The latest figures from the Current Account Switch Service (CASS) show 21,790 consumers switched away from TSB between April and June this year, at the height of its IT meltdown. This represented a net loss of 16,641 customers for the bank.
It is the biggest fall in customers for TSB ever recorded as part of the switching service’s figures, although heavier losses have been reported in the past from Barclays, which lost net 17,268 customers in the first quarter of 2018.
TSB, however, says the CASS figures are just one part of the picture, and in total it saw more than 20,000 customers open new accounts during this period. Though it’s not clear how many closed their accounts.
The IT disruption started on 20 April, and saw many locked out of online banking and their mobile apps. In some cases customers were even given access to other people’s accounts and in other cases customers were stopped from switching to another bank. Wider problems continued throughout the summer, and some customers are still awaiting compensation.

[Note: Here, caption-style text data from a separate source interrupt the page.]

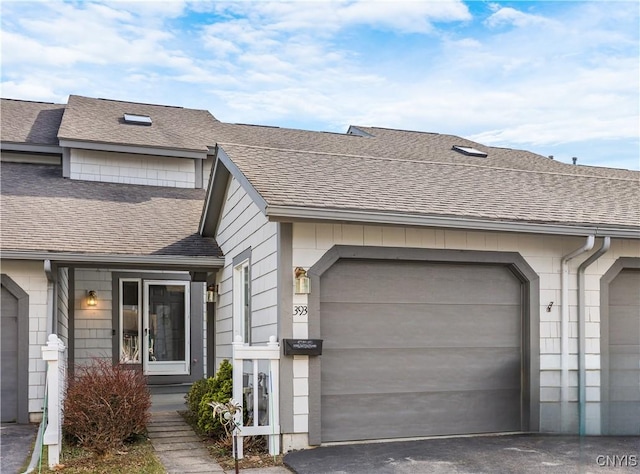 townhome / multi-family property with a garage, driveway, and a shingled roof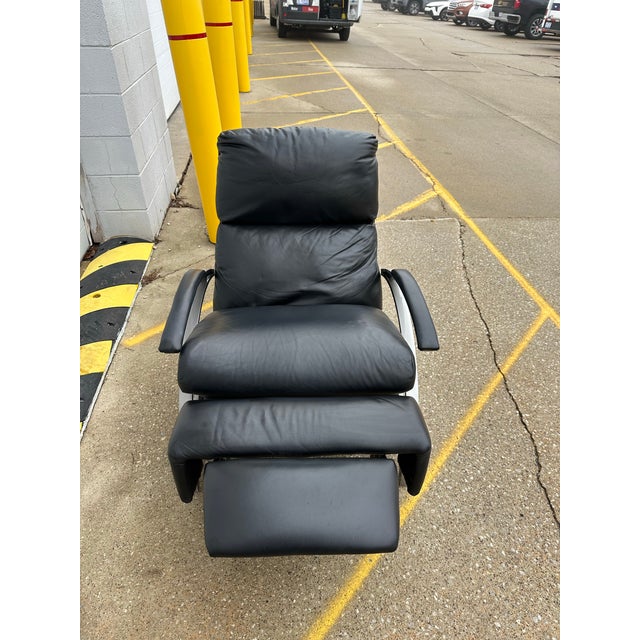 Clean Comfort Designs Inc. black leather and brushed chrome recliner. . Eye catching metal arms frame the piece; topped...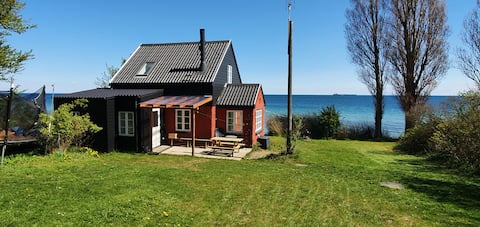 Idyllic cottage by the beach.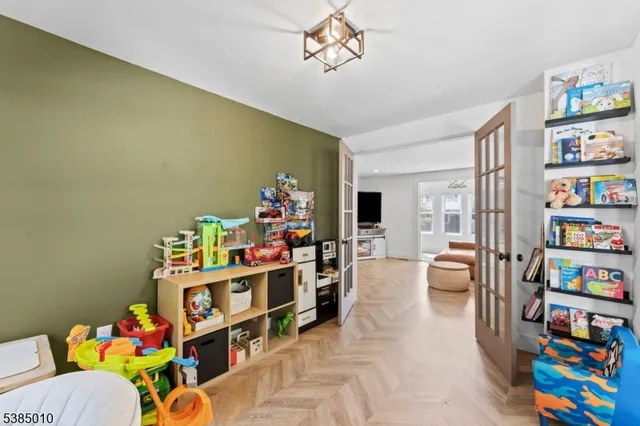 a view of a livingroom with furniture and stairs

The latest CASS figures also show that over five million bank switches have been completed using the official seven-day switching service since its launch in 2013, with almost a million switches in the last 12 months alone. Yet this still represents a tiny fraction of the total UK current account market, meaning many more could benefit from switching.
See our Best Bank Accounts guide for top switching offers – including how to get £200 cash or £185 in vouchers.
How does bank switching work?
CASS was launched in 2013 to simplify the process of switching between banks.
It’s completely free – you simply contact the new bank or building society you want to switch to and ask it to move your old account using the CASS (often this is part of the application process).
You can choose a switch date to suit you as long as you allow at least seven working days.
All payments going in and out, except for recurring payments set up with a debit card such as a gym membership, will be moved to your new account. Any wrongly applied charges, eg, for a missed direct debit, will also be refunded.